Reflecting on the meanings behind “text” and “technology,” I wanted to explore the seemingly inverse relationship between the progressively large cumulative total of text that has been created and is being saved and stored, and the increasing ease and indiscretion with which we store our text.
I took this photo as a personal reflection on Moore’s Law, which was described in his 1965 paper Cramming more components onto integrated circuits. Moore observed that the number of transistors on integrated circuits doubled approximately every two years. Related to Moore’s Law is Mark Kryder’s (2005) observation that hard drives are shrinking at a much faster pace than the doubling transistor count. The slowly shrinking physical size and radically expanding storage capacities evidenced in this picture serve to illustrate the work of these two researchers.
Please visit this photo on flickr to view my recollections and experiences with each type of storage, and I invite you to add your own notes sharing your memories as well.

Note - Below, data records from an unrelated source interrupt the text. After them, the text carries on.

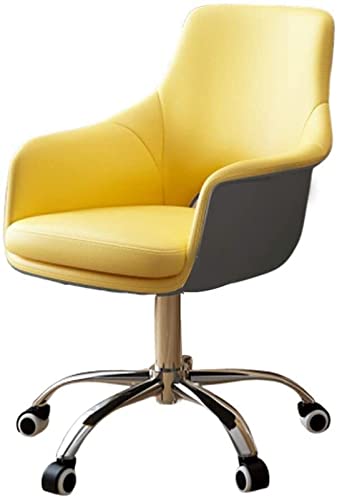 ZXFYHD Desk Chair,Office Chair Computer Chair, Swivel Steel Feet Ergonomic Home Office Chair Easy To Clean Leather Staff Chair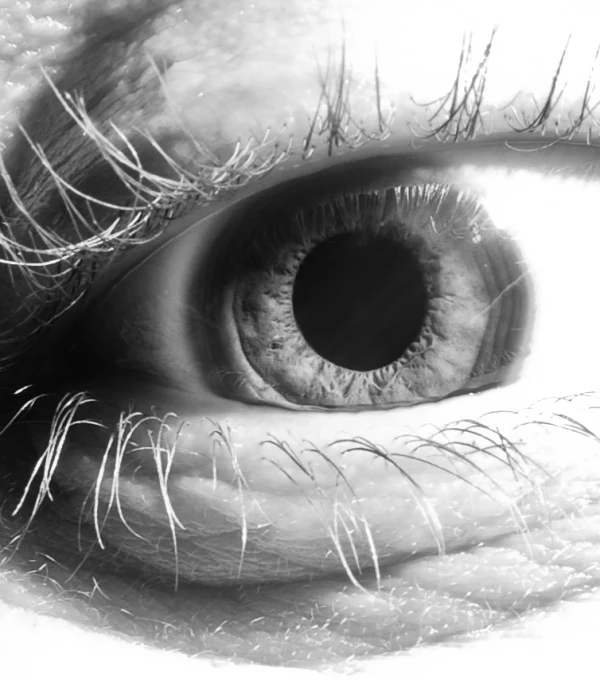 the eye of a woman's eye looking upward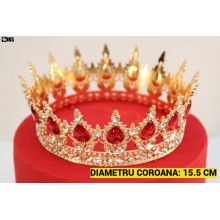 Coroana Pentru Tort SIKS Topper Premium, Coronita Cu Diametru 15.5 Cm, Diadema Rotunda Aurie Cu Cristale Rosii, Decor Luxury ...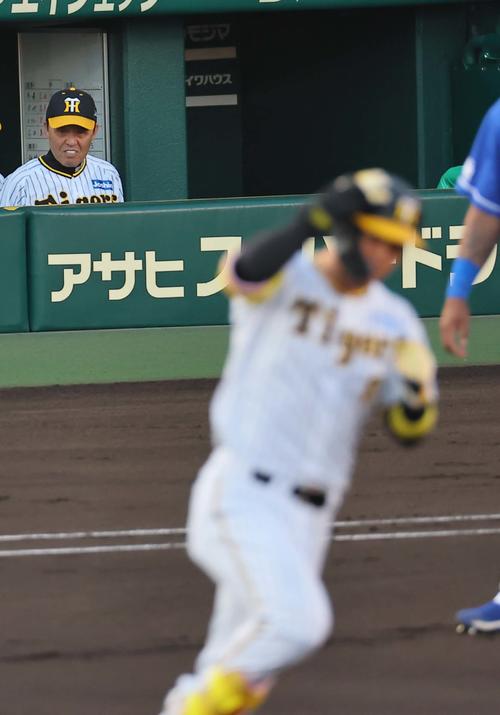 7月17日、阪神対中日　1回裏阪神2死一、二塁、先制3点本塁打を放った佐藤輝（右）に笑顔を見せる岡田監督（撮影・上田博志）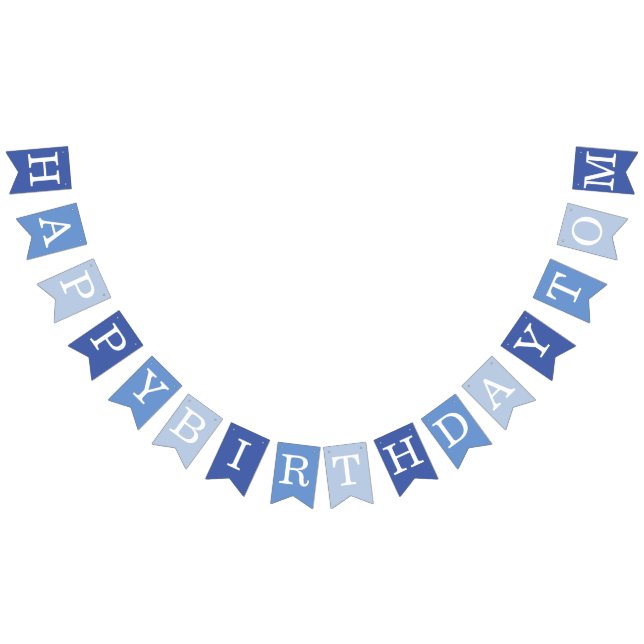Blue Happy Birthday 3 Letter Name Boy Man Tom  Bunting Flags (All)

It’s interesting that we both thought of Moore’s Law in our posts on technology to the community weblog.
I remember way back before Windows was even on the scene and people were struggling to manage data already. I think we forget how much text these devices area able to store. Really, our increased need for storage has come from our appetite for other media (images, music, videos, etc.). Text itself is very small when we compare file sizes.
Now, after all those years we’re still struggling to store, backup, and retrieve information. I think the next revolution will be to move the majority of our content to the cloud. No longer will people feel the need to purchase new hard drives. I know that in my most recent computer upgrade, I made the switch to a SSD as my main boot drive.